What Happens Inside an ELF File? From Source Code to a Running Process
This article explains how a C/C++ program is compiled into an ELF executable, details the ELF file structure, describes the kernel's validation and segment mapping, covers dynamic linking, and shows how the process starts execution from the _start entry point, providing practical commands and debugging tips.
1. ELF Overview
ELF (Executable and Linkable Format) is the standard binary format for Linux executables, object files ( .o) and shared libraries ( .so). The kernel recognises only ELF files for loading and execution.
1.1 Simple program
#include <stdio.h>
int main(){
printf("Hello Linux
");
return 0;
}Compile with gcc test.c -o a.out. The resulting a.out is an ELF file; file a.out shows architecture, type, interpreter and other metadata.
2. ELF File Structure
2.1 File Header
File Header resides at the beginning of the file and contains the magic number (0x7F 'E' 'L' 'F'), file type, machine architecture, entry address, version and offsets to the program and section header tables. The kernel uses this information to verify the file before loading.
2.2 Program Header Table
The Program Header Table describes loadable segments (type PT_LOAD) that the kernel maps into the process address space. Each entry specifies virtual address, file offset, size and permission flags (r‑x, rw‑, etc.).
2.3 Section Header Table
The Section Header Table lists static sections used by linkers and analysis tools: .text (machine code), .rodata (read‑only constants), .data (initialized globals), .bss (zero‑filled uninitialized globals), .dynamic, .symtab, .debug_*, etc.
.text : executable code, mapped r‑x.
.rodata : constant data, mapped r‑.
.data : initialized variables, mapped rw‑.
.bss : uninitialized variables, occupies no file space; kernel allocates zero‑filled memory.
3. Building an ELF Executable
3.1 Compilation pipeline
Pre‑processing : gcc -E test.c -o test.i expands #include directives and macros.
Compilation & assembly : gcc -c test.i -o test.o produces an ELF relocatable object file.
Linking : gcc test.c -o a.out (or ld test.o -lc -o a.out) resolves symbols, applies relocations and creates the final ELF executable.
The resulting file can be inspected with readelf -h a.out and executed with ./a.out.
3.2 Linking types
Static linking copies all required code into the executable, producing a larger but self‑contained binary. Dynamic linking leaves external references (e.g., printf) and records needed libraries in the .dynamic section. At runtime the dynamic linker ( /lib64/ld-linux-x86-64.so.2) loads those libraries and resolves symbols via the PLT/GOT mechanism, often using lazy binding.
4. Loading and Execution
4.1 execve and kernel validation
When ./a.out is entered, the shell creates a child process and calls execve(). The kernel reads the ELF header, verifies the magic number and machine type, then reads the program header table to locate the entry point and loadable segments.
4.2 Segment mapping
LOAD segment 1 : contains .text and .rodata, mapped with permissions r‑x.
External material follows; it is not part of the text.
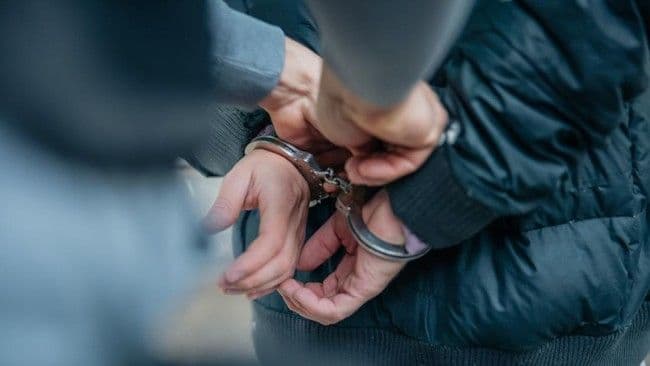 polisi_tangkap_enam_pelaku_terkait_grup_facebook_fantasi_sedarah_dan_suka_duka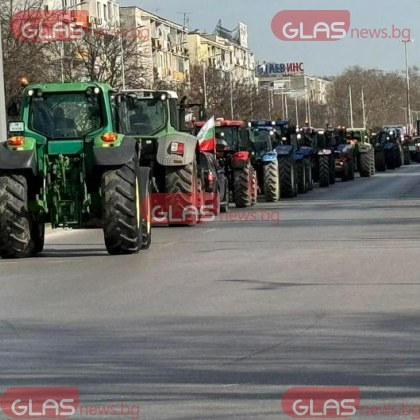 Колоната с техника на протестиращите земеделци отново влезе в Пловдив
LOAD segment 2 : contains .data and .bss, mapped with permissions rw‑.
The .bss segment has no bytes in the file; the kernel allocates zero‑filled pages for it.
4.3 Dynamic linking (if applicable)
Parse the .dynamic section to obtain needed libraries (e.g., libc.so.6).
Load each library and map its loadable segments.
Resolve symbols via the PLT/GOT; the first call to a function triggers lazy binding.
Use ldd a.out to list required shared libraries.
4.4 Entry point to main
The real entry point is the symbol _start supplied by the C runtime. It sets up the stack, registers and calls __libc_start_main(), which in turn invokes user main. After main returns, exit() terminates the process.
5. Inspecting ELF Files
5.1 readelf
Common commands: readelf -h <filename> – file header. readelf -S <filename> – section header table. readelf -l <filename> – program header table. readelf -a <filename> – all available information.
These commands reveal magic number, entry address, segment permissions and the list of sections such as .debug_info or .symtab.
5.2 objdump
Disassembly examples: objdump -d a.out – disassemble executable sections (typically .text). objdump -D -M intel a.out – full disassembly in Intel syntax.
Disassembly shows the exact machine instructions that the kernel will execute after mapping.
5.3 Debugging with GDB
Compile with -g to embed debugging symbols. Typical workflow:
# Compile with debug info
gcc -g crash.c -o crash_demo
ulimit -c unlimited # enable core dumps
./crash_demo # cause a crash
# Analyse core file
gdb ./crash_demo core
bt # backtrace
list # show source around the faultGDB uses the ELF symbol table and .debug_* sections to map addresses back to source lines, allowing precise fault localisation.
6. ELF‑Based Debugging Techniques
6.1 Common methods
Set breakpoints, step through instructions, inspect registers and memory, and switch between threads in multithreaded programs.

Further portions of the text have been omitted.